Douglas Murray’s new book, portentously titled The War on the West, tells us almost nothing about the West, or about the origins of the war supposedly being waged against it, or how this war might be ended, let alone won, by those who cherish the West.
Instead, Murray’s book is a typical conservative liberal’s litany of grievances against the rise of identity politics, albeit limited almost exclusively to its expression through racial “wokeness.” Wholly ignoring, for instance, even more prevalent advances of identity politics in the sexual domain, the author laments a revolution that was inaugurated by liberalism itself, and that he believes can be arrested at the point he prefers—sometime around 2015. He wants to preserve the revolutionary fruits he enjoys up to a point, beyond which he exclaims, “No further!” Murray’s is thus a book that obfuscates both the nature of the West and of the war that is afoot.
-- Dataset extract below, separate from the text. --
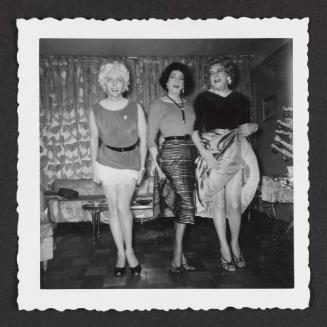 [Susanna and two friends showing some leg in Susanna and Marie’s New York City apartment]
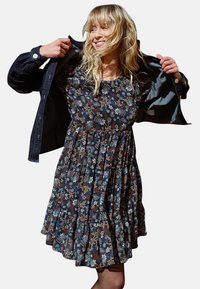 Abito a fiori realizzato in tessuto leggero; sfondo scuro con fiori blu, bianchi e arancioni; bordo a balze a strati sull'orlo.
It is more a work of liberal-regime propaganda than the ambitious examination promised by the title.
“It is more a work of liberal-regime propaganda than the ambitious examination promised by the title.”
Each of the book’s chapters is devoted to showing how one facet of Western life is under threat from wokeness and critical race theory. Yet regardless of the chapter title—“History,” “Religion,” “Culture,” and so forth—each is essentially a continuation of the very first: “Race.”